Nadine Williams was a little obsessed with the Zack Maguire series, but there was nothing to suggest she was anything more than an over-zealous and disappointed fan.

Rebecca felt most sorry for Troy, who undoubtedly had to live up to Nadine’s expectations of Zack Maguire on a day to day basis.

The dead kids weren’t throwing up any clues. Ben and Kasey had both been students at Juniper College, an establishment with its own grisly history. The campus had moved to a different location four years ago, but Rebecca doubted it would ever shake off its gruesome reputation.

Kasey had been a local girl, born and raised in Juniper, while Ben came from Virginia and was the nephew of Senator Blaine Hogan – an additional headache neither detective needed, as Hogan was already cranking up the pressure to make an arrest.

Ben and Kasey were both clean and nothing in their lives suggested enemies who might want them dead. Kasey had a jealous ex they were checking, but word suggested he was all talk and no action.

It could be a political connection to Blaine Hogan, but Rebecca and Jake didn’t think so. The killing was the work of a psychopath, not an assassin.

It was early evening Wednesday when Rebecca returned to her townhouse after a day of questioning more of Ben and Kasey’s friends, to find Alan waiting for her, his face partially hidden behind a bouquet of yellow roses.

Her heart sank as she pulled the car to a halt by the curb. It had been a long day and she yearned for a hot shower and a cold beer. She couldn’t avoid him forever though and, in truth, knew he didn’t deserve the treatment she was giving him.

‘You haven’t been returning my calls,’ he said, by way of greeting, getting to his feet and thrusting the flowers at her.

Her mother would be appalled at the way Rebecca had treated him. Sarah Angell thought highly of Alan and considered him to be by far the most suitable of her youngest daughter’s boyfriends. Definite marriage material, that’s what she had called him. Rebecca was the only one of her daughters who hadn’t yet settled down: her older sister, Jess, was now engaged and her middle sister, Wendy, already married with kids. As her mother liked to point out, Rebecca wasn’t getting any younger; if she couldn’t persuade her to move back to Swallow Falls, she would at least rest safe knowing she had a stable and solid man like Alan taking care of her.

‘I’m sorry, Alan, it’s this case. We’re crazy busy.’

To make her feel even more guilty he took a sympathetic tone. ‘I understand; I’ve seen the news.’

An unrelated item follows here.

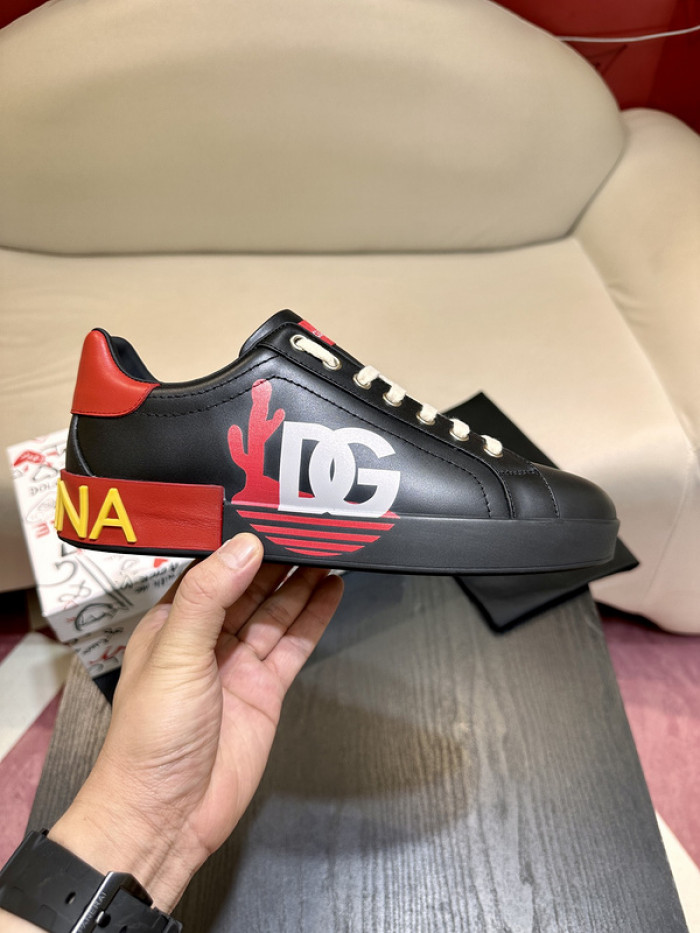D&G  SNEAKERS  DG000018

Ben Hogan’s high-profile connections had made it impossible to keep the gory details of the murders out of the press, but so far they had managed to suppress the link to the book.

‘As long as you’re not mad at me, that’s all that matters.’

Rebecca had been mad at him for a while, and it was ridiculous. Alan was a good man. He was kind, considerate and articulate, and he worshipped the ground she walked on. She didn’t deserve him.

‘I’m not mad at you, I promise. Just really busy.’

‘You’re not busy now. Let me take you to dinner, Becky. We can catch up and you can tell me about the case.’

Rebecca deliberated for a moment. She just wanted beer and TV, but she guessed she owed him after the way she had shot him down on Saturday night in front of her friends.